AIM OF THE EXERCISE -
All lines in the records below from the line with "Image du produit" through the line with "Adidas Arsenal Jackets Men Black-2" are to be given again exactly, both ends included; the pictures are to be left out.

WORKING DATA -
=== Begin Enclosure ===

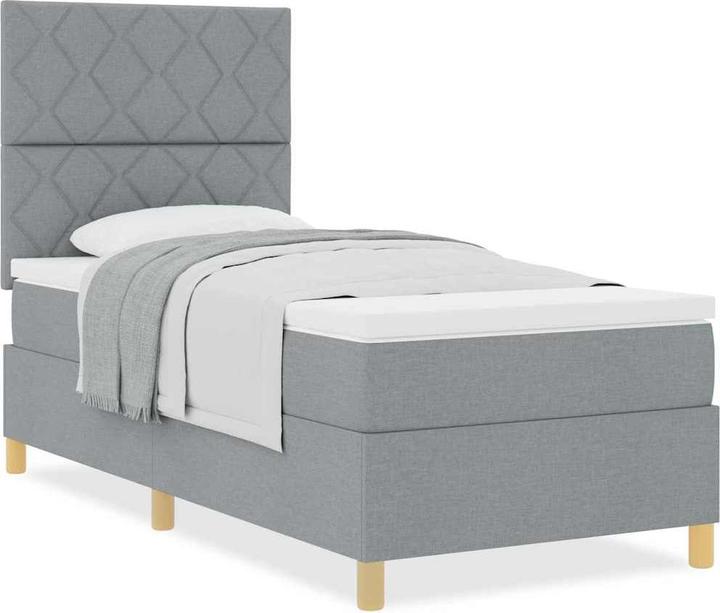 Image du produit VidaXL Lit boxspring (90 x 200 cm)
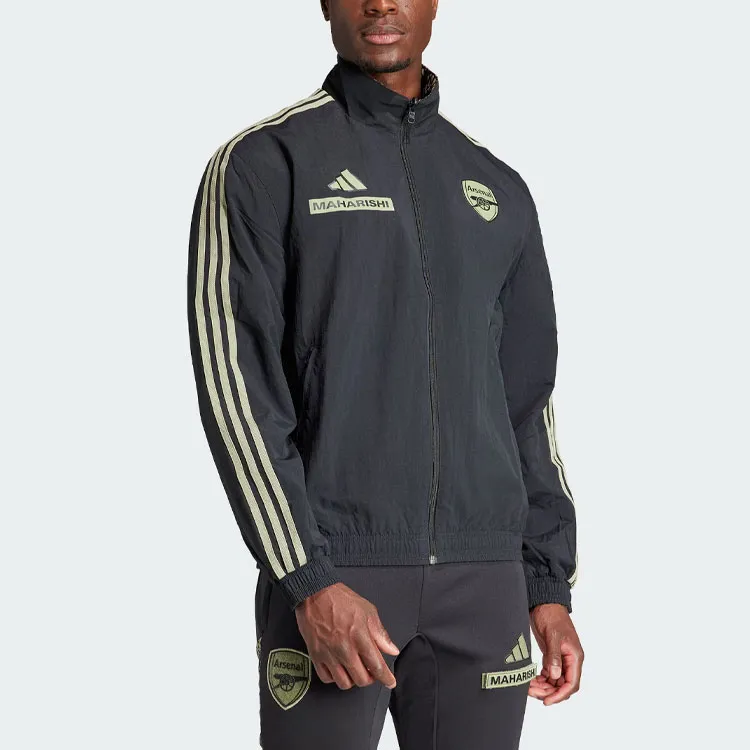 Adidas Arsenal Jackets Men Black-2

=== End Enclosure ===
=== Begin Enclosure ===

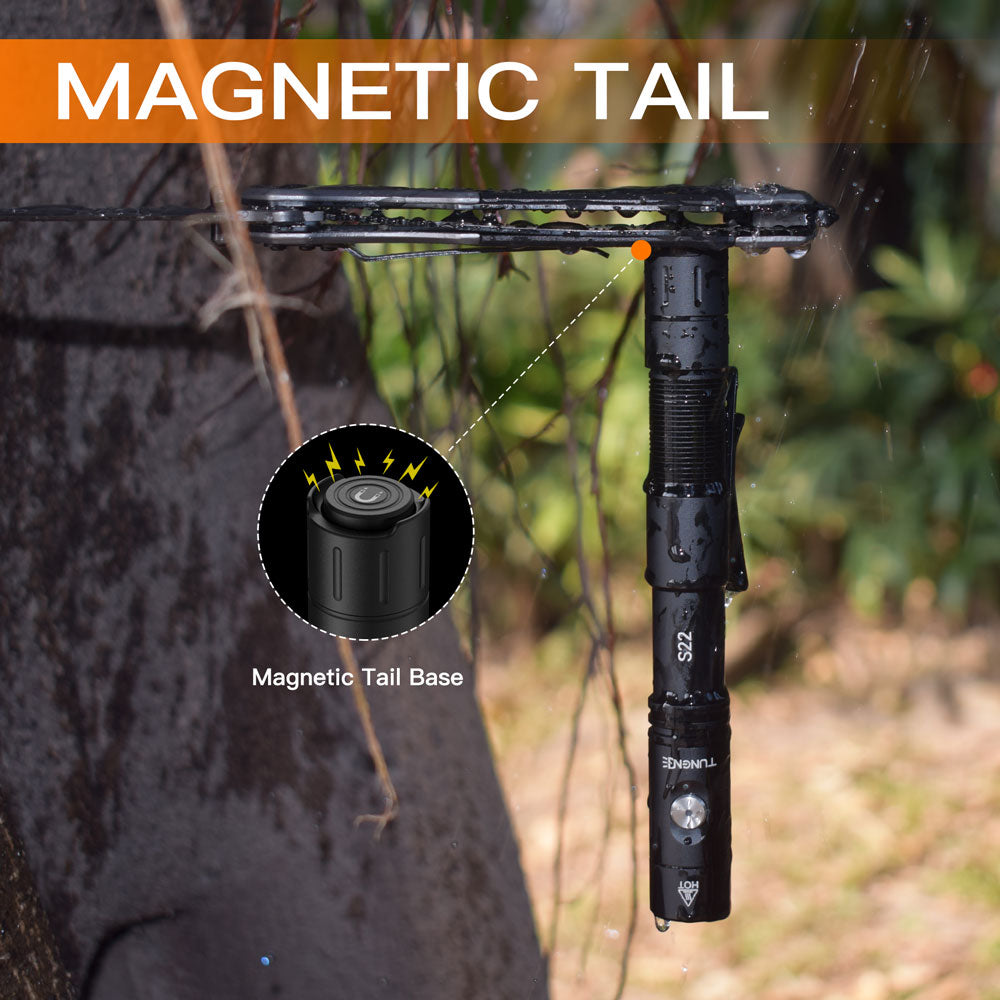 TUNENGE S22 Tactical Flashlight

=== End Enclosure ===
=== Begin Enclosure ===

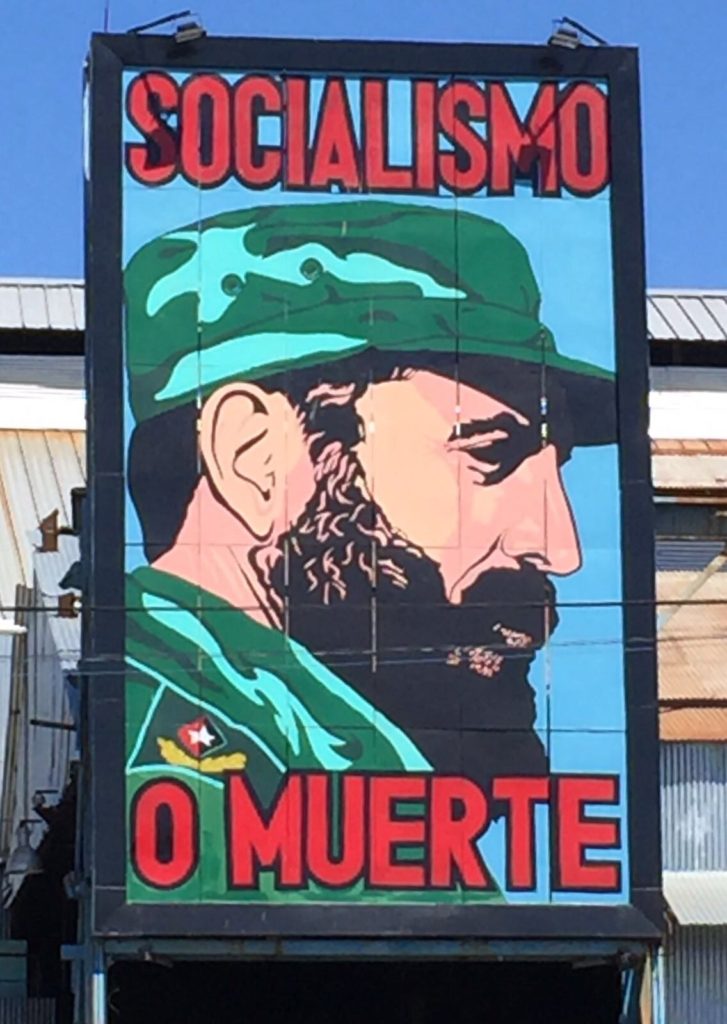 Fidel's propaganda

=== End Enclosure ===

RESPONSE TO THIS TASK -
 Image du produit VidaXL Lit boxspring (90 x 200 cm)
 Adidas Arsenal Jackets Men Black-2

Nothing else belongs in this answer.